To do:
Find the line containing "Eja II 48L Backpack M/L", then return it and every line after it through the end of the records, exactly. Leave out pictures.

Brief descriptive captions:
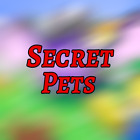 Roblox | Pet Catchers | Secret Pets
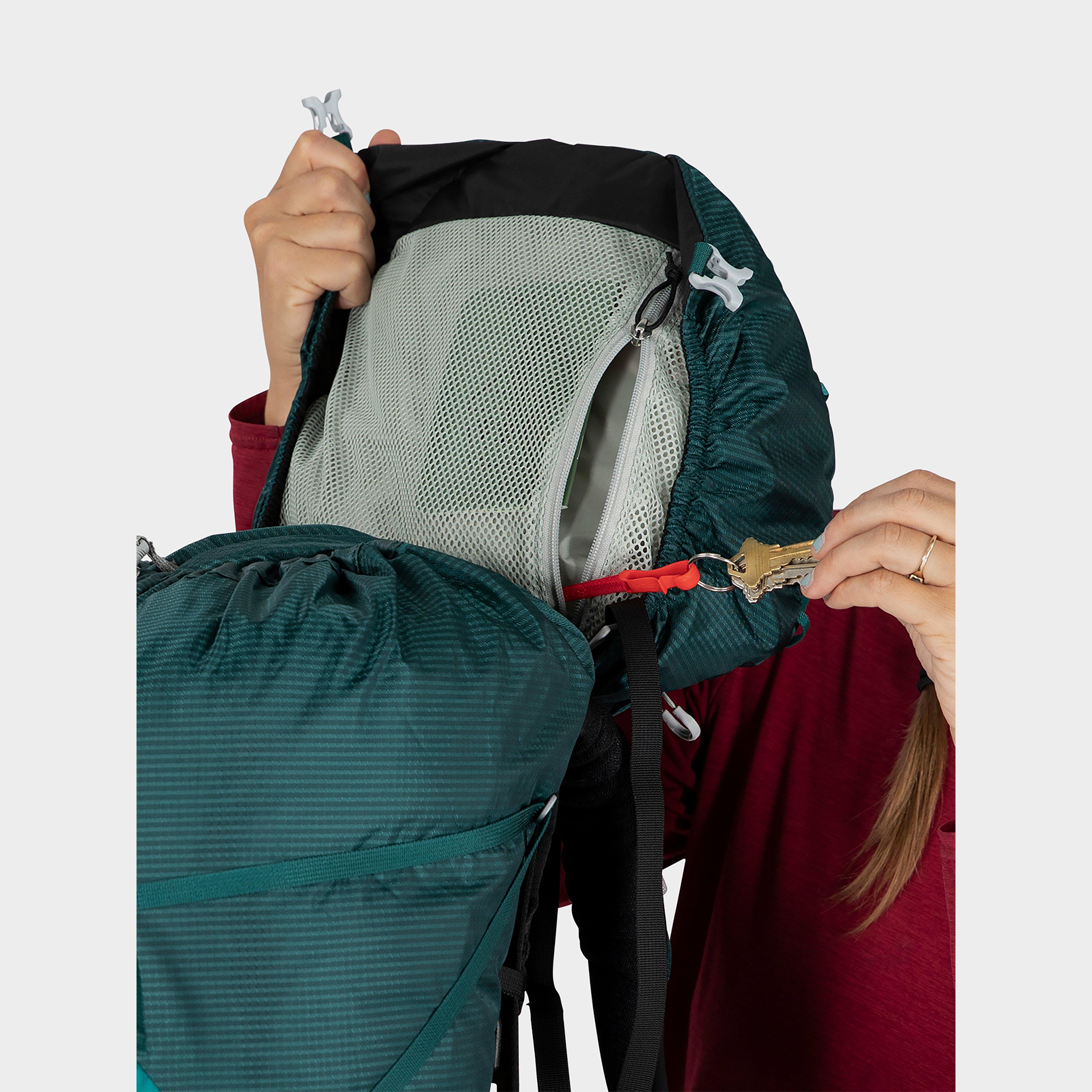 Eja II 48L Backpack M/L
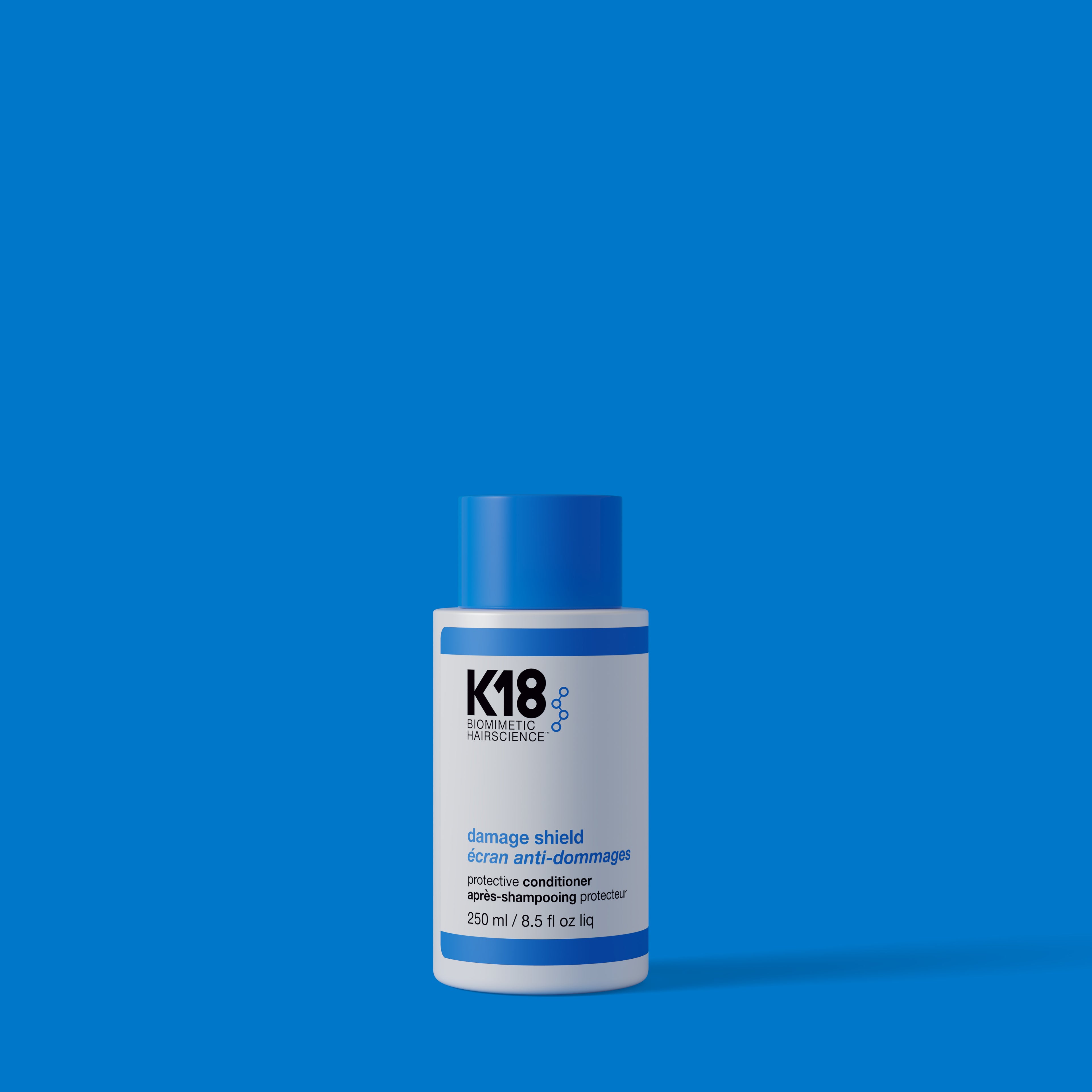 K18 DAMAGE SHIELD Protective Conditioner 250 ml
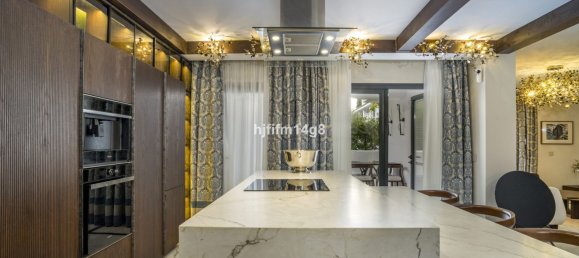 3 bedrooms Apartment in Marbella, Spain No. 146610 9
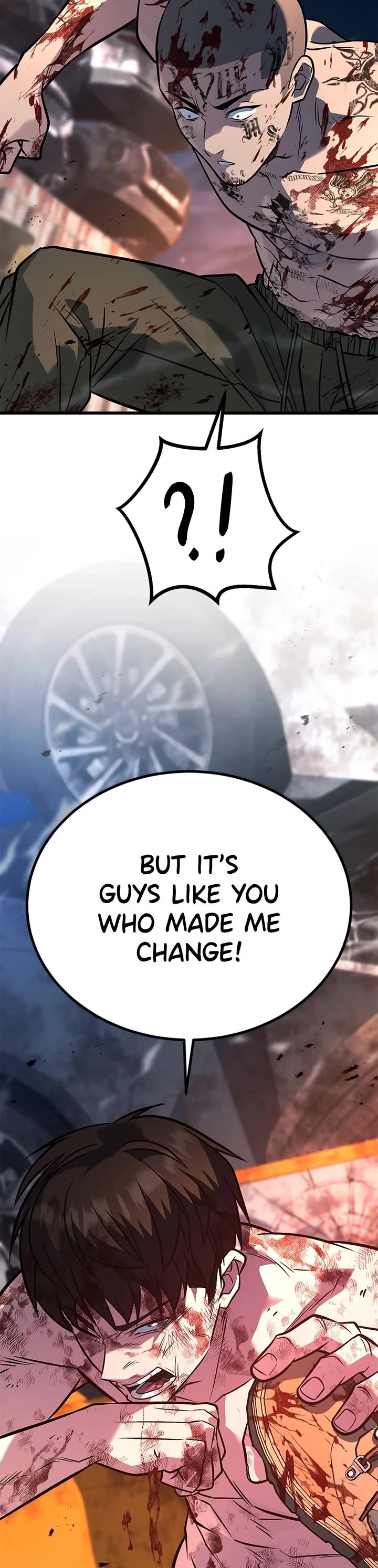 King of Violence chapter 53 page 69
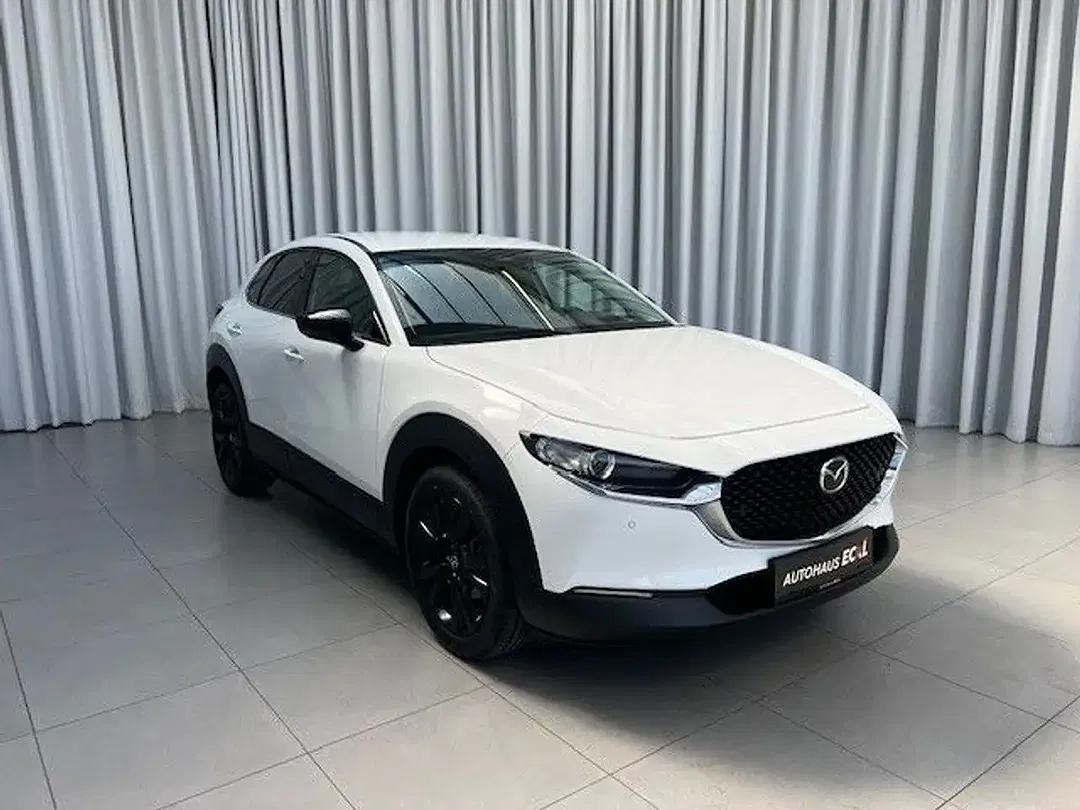 Mazda CX-30 2.5 6MT Homura - foto 2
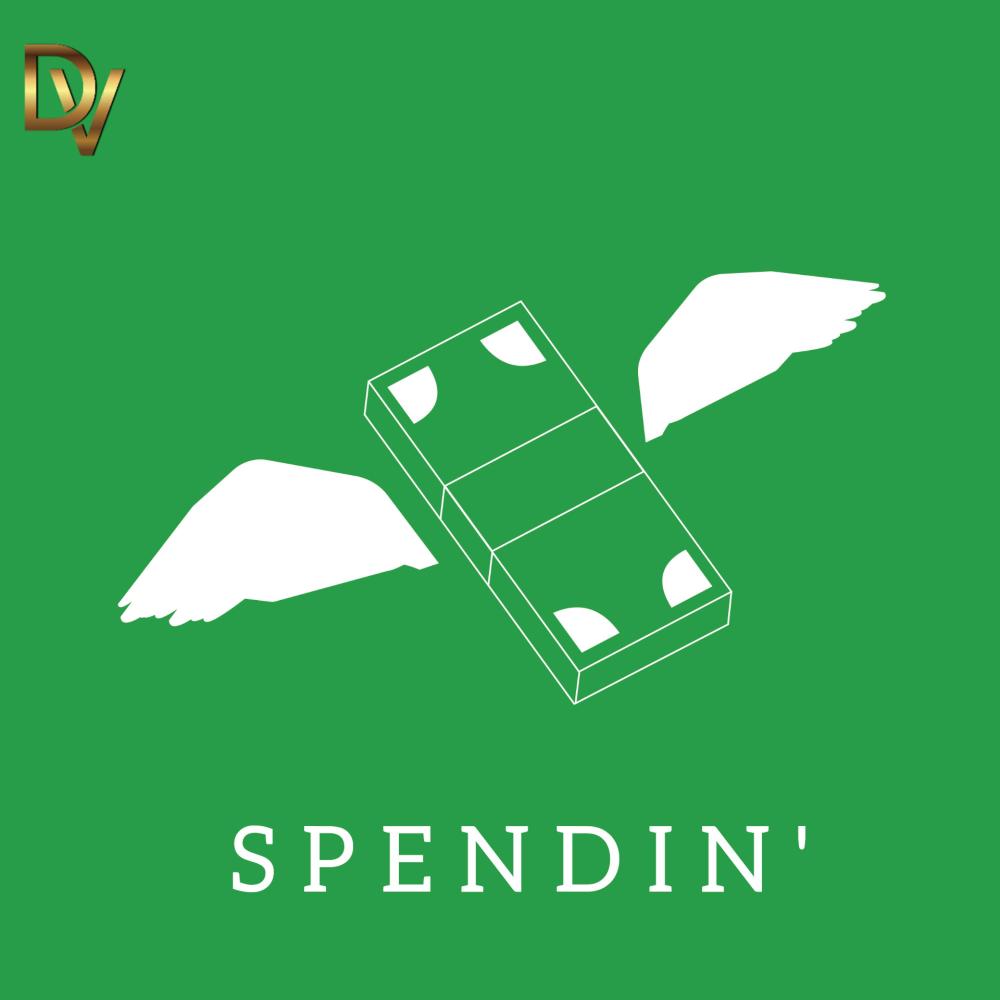 Spendin' (feat. Fizzex)
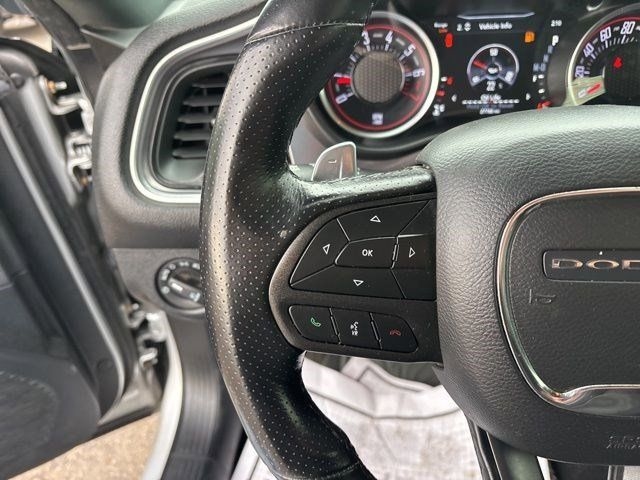 Dodge Challenger  2021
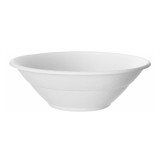 Sugarcane Bowl Bagasse Noodle White 940ml (50 Units) 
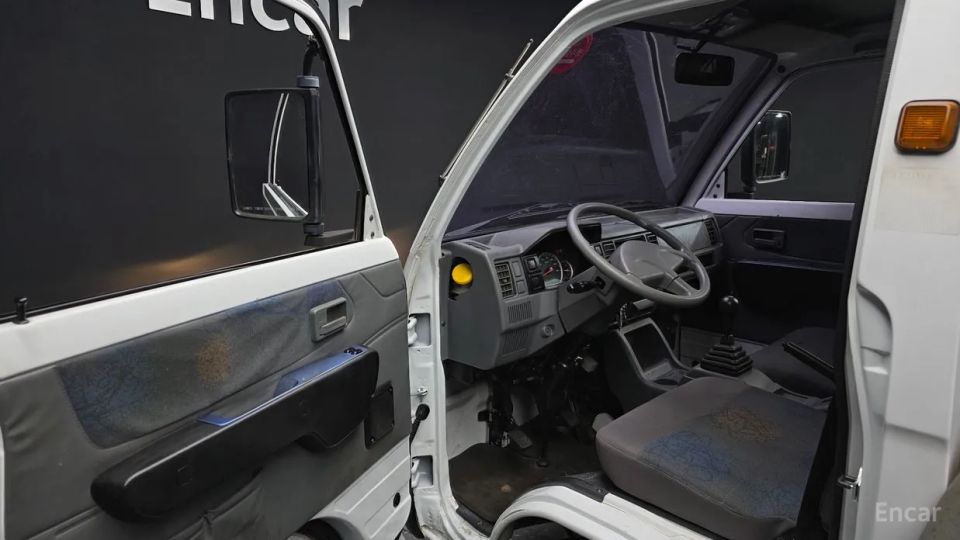 ChevroletGMDaewoo Labo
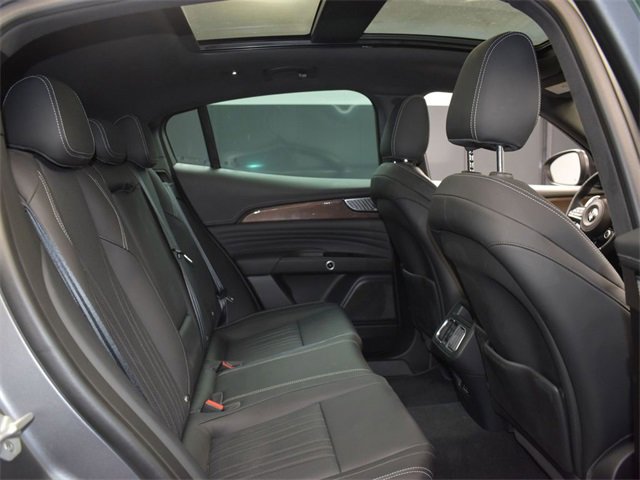 Used 2023 Maserati Grecale GT image 11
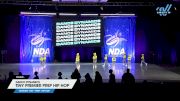 Dance Dynamics - Tiny Premier Prep Hip Hop [2025 Tiny - Prep - Hip Hop] 2025 NDA All-Star National Championship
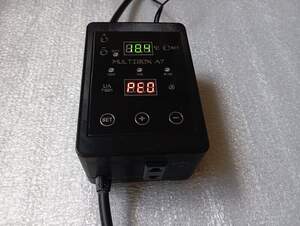 Автоматика MULTIBOX A7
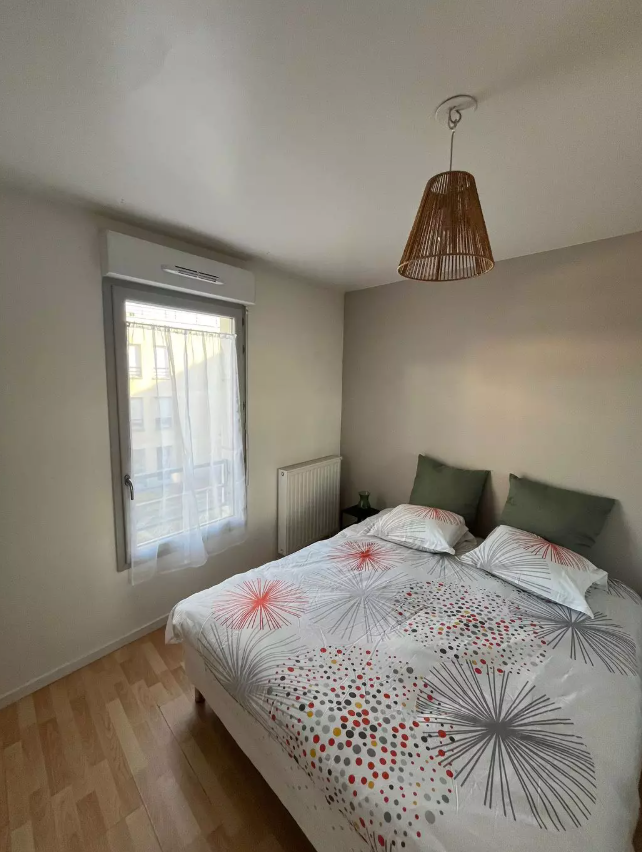 Appartement, 2 pièces, 39m² à La Rochette (77000) — photo 2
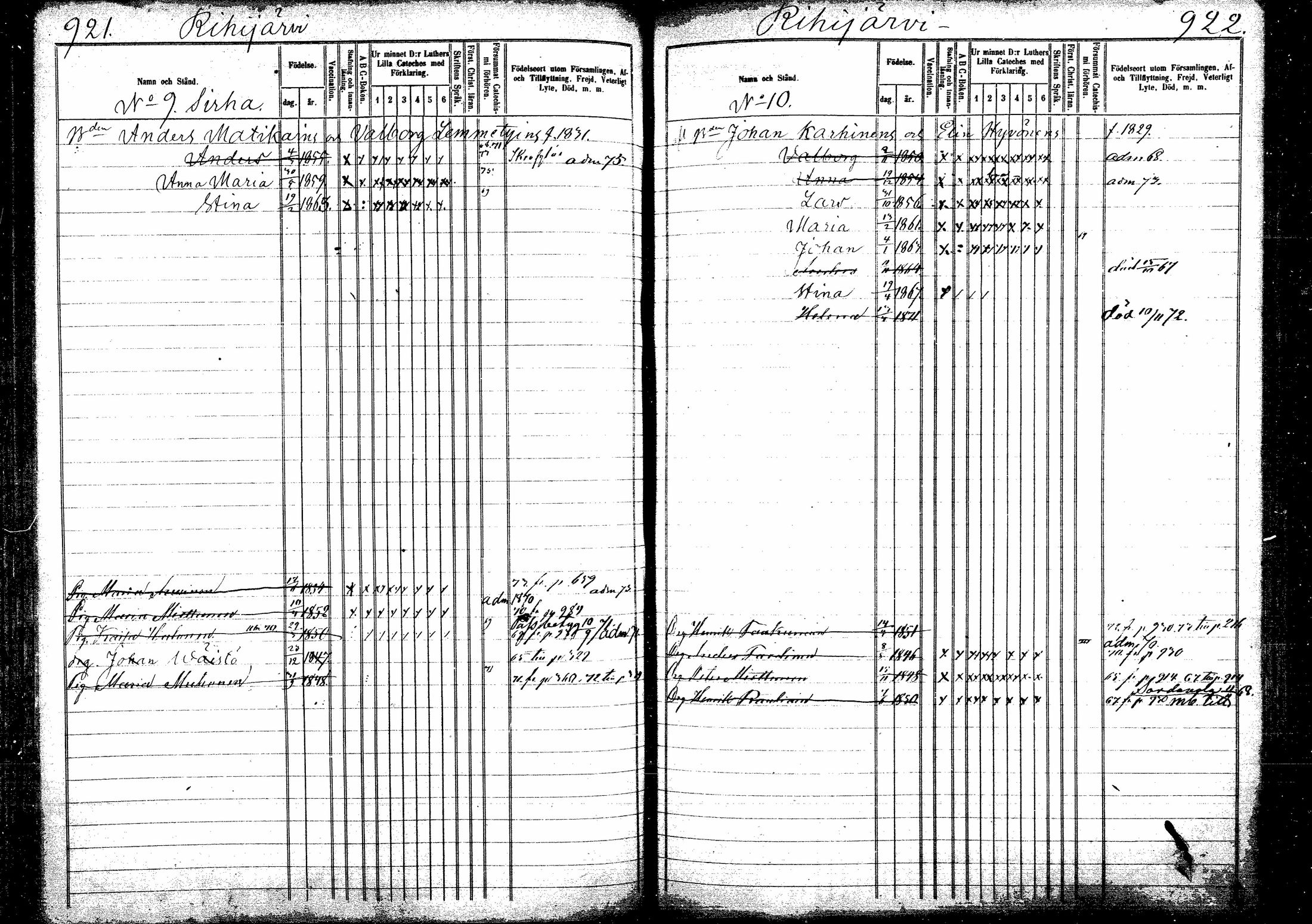 [ ../kirjat/Kirkonkirjat/kitee/lastenkirja_1864-1876_mko11-19/kuvat/131.jpg ]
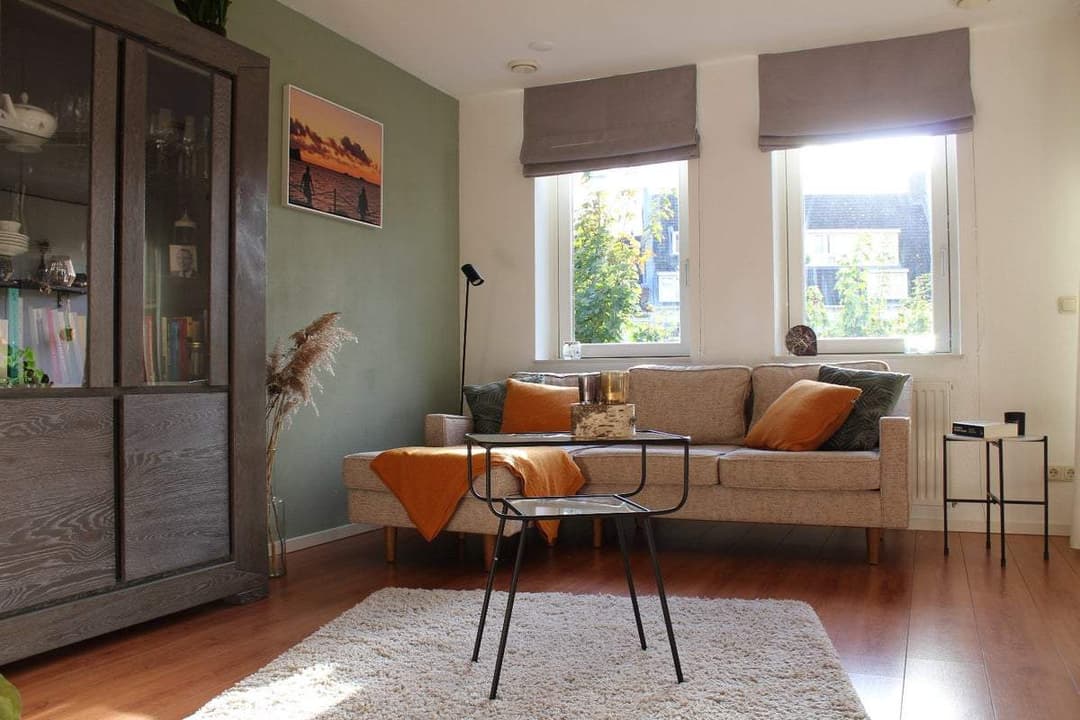 Flat Wilhelminasingel, Roermond - For Rent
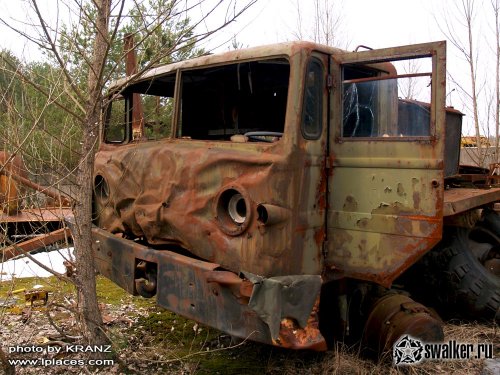 Военная техника ЧЗО, Киевская область Военная техника ЧЗО, Киевская область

Written solution:
 Eja II 48L Backpack M/L
 K18 DAMAGE SHIELD Protective Conditioner 250 ml
 3 bedrooms Apartment in Marbella, Spain No. 146610 9
 King of Violence chapter 53 page 69
 Mazda CX-30 2.5 6MT Homura - foto 2
 Spendin' (feat. Fizzex)
 Dodge Challenger  2021
 Sugarcane Bowl Bagasse Noodle White 940ml (50 Units) 
 ChevroletGMDaewoo Labo
 Used 2023 Maserati Grecale GT image 11
 Dance Dynamics - Tiny Premier Prep Hip Hop [2025 Tiny - Prep - Hip Hop] 2025 NDA All-Star National Championship
 Автоматика MULTIBOX A7
 Appartement, 2 pièces, 39m² à La Rochette (77000) — photo 2
 [ ../kirjat/Kirkonkirjat/kitee/lastenkirja_1864-1876_mko11-19/kuvat/131.jpg ]
 Flat Wilhelminasingel, Roermond - For Rent
 Военная техника ЧЗО, Киевская область Военная техника ЧЗО, Киевская область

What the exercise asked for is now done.